MATERIAL AND METHODS
Patients
Six CLL-treated patients developed digestive RS. Samples were fixed in formalin (Cases 1, 2, and 5) or in Bouin's liquid (Cases 3, 4, and 6), embedded in paraffin, and stained with hematoxylin and eosin.
In all cases, the initial diagnosis of CLL was established on peripheral blood lymphocytes (PBL) and bone marrow (BM) examination and count. In four cases, lymph nodes (n = 4) or spleen (n = 1) examined during the CLL phase were reviewed and corresponded to CLL involvement. BM status was also checked at the time of the transformation.
Immunophenotypic Characterization
Immunohistochemical analysis was performed either on 10% formalin-fixed paraffin-embedded sections with the biotin-streptavidin-peroxidase LSAB kit on an automated Chemate (DAKO, les Ullis, France) or by flow cytometry (Beckman Coulter XL, Hialeah, FL) of PBL. Primary antibodies were directed against the following antigens: CD3, CD10, CD20, CD23, CD43, Epstein-Barr virus (EBV) latency membrane protein (LMP1), cytokeratin (KL1), Ki67 (MIB1), P53, κ and λ immunoglobulin light chains (all from DAKO,) and CD5 (Novocastra, Le Perray, France). MIB1 immunostaining was interpreted by a semiquantitative method (31).
Molecular Genetic Studies
Genomic DNA was extracted from frozen tissues (n = 5), formalin-fixed tissues (n = 2) and PBL (n = 3) according to a standard phenol chloroform procedure. Analysis of IgH gene was performed as previously described (32). The monoclonal-dominant bands of both CLL and DLCL material of Cases 1, 2, and 5 were excised from the gel, eluted, and submitted to nucleotide sequencing analysis using the ABI PRISM Dye Terminator Cycle Sequencing Ready Reaction Kit (Perkin-Elmer Applied Biosystem, Foster City, CA). Nucleotide sequence data were analyzed using the Sequence Navigator Software (Perkin Elmer Applied Biosystem). Sequence comparisons were made with the Genbank-EMBL database using the Wisconsin Package (Genetics Computer Group, Inc, Madison, WI), and the BLAST program (33).
RESULTS
Clinical Results
Two males and four females were diagnosed for CLL (average age: 67 y). Blood cell counts are summarized in Table 1. At initial CLL diagnosis, all patients had blood and BM involvement but no lymphadenopathy. Splenectomy was performed in the single patient (Case 4) who presented splenomegaly and hemolytic anemia. After a variable follow-up period, patients were treated by chlorodeoxyadenosine on the basis of lymphocytosis >50,000 or tumoral lymphadenopathy or anemia and thrombopenia.
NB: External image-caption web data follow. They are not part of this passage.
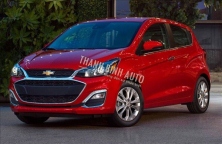 Đồ chơi, đồ trang trí, phụ kiện Chevrolet Spark 2019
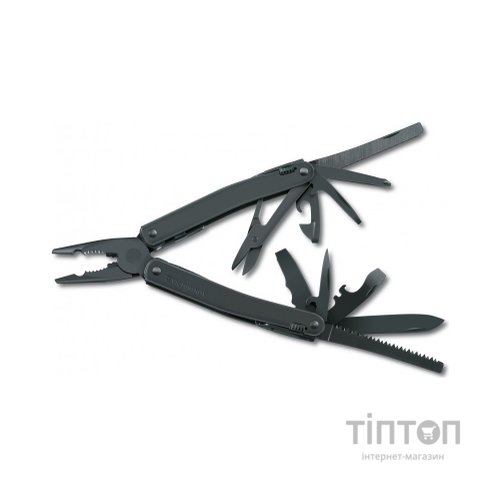 Мультитул Victorinox SwissTool Spirit XBS Nylon Case (3.0224.3CN)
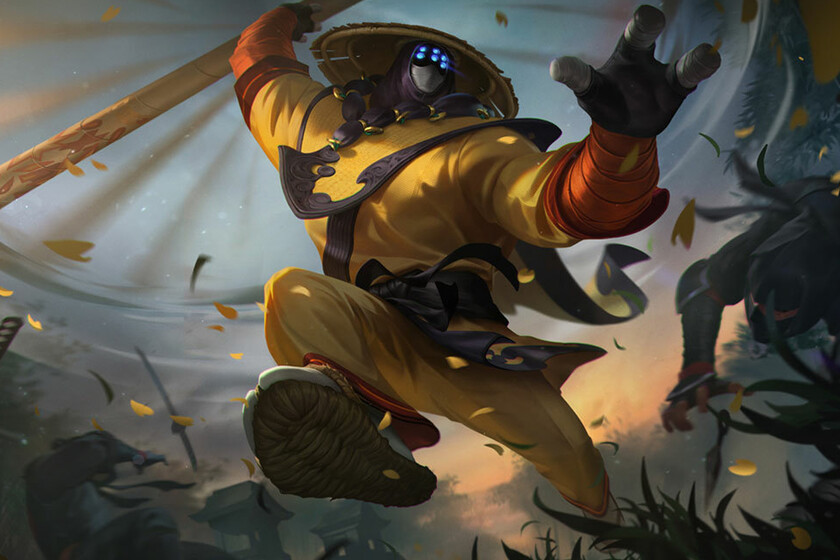 Jax Tabi Esquivar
Digestive RS was revealed by recurrent gastric ulcer disease (Cases 1 and 3), upper (Case 4) or lower (Case 5) digestive-tract bleeding, intestinal obstruction (Case 2), or acute perforation (Case 6). At examination, a general alteration was observed, with weight loss and general weakness. The median interval between initial diagnosis of CLL and RS was 82 months (range: 24 to 158 mo).
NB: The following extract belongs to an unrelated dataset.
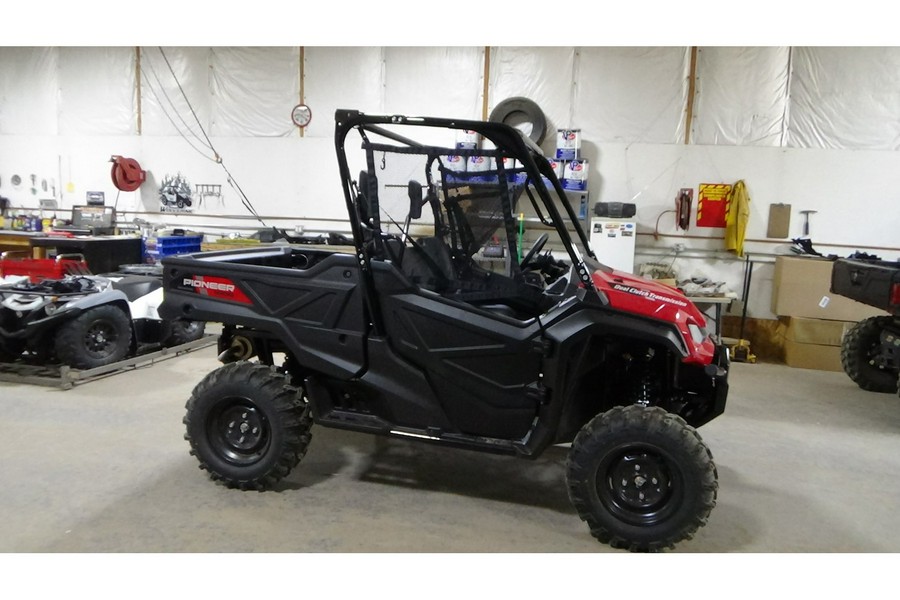 2024 Honda PIONEER 1000 EPS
Morphologic and Immunophenotypic Characterization
The anatomic sites examined for pathologic evaluation are listed in Table 2, and the results of the immunophenotypic study of CLL and DLCL samples are summarized in Table 3. Whatever the anatomic site, CLL corresponded to small monomorphic lymphocytic cells with rare scattered blast cells. Indeed, MIB1 stained only few cells of CLL specimens (Fig. 3A). A typical B-CLL CD5+, CD20+, SIg+, CD23+, CD43+ phenotype was evidenced in all cases (Table 3).
MIB1 staining in (A) chronic lymphocytic leukemia (5% of positive cells) and (B) in diffuse large-cell lymphoma (80% of positive cells).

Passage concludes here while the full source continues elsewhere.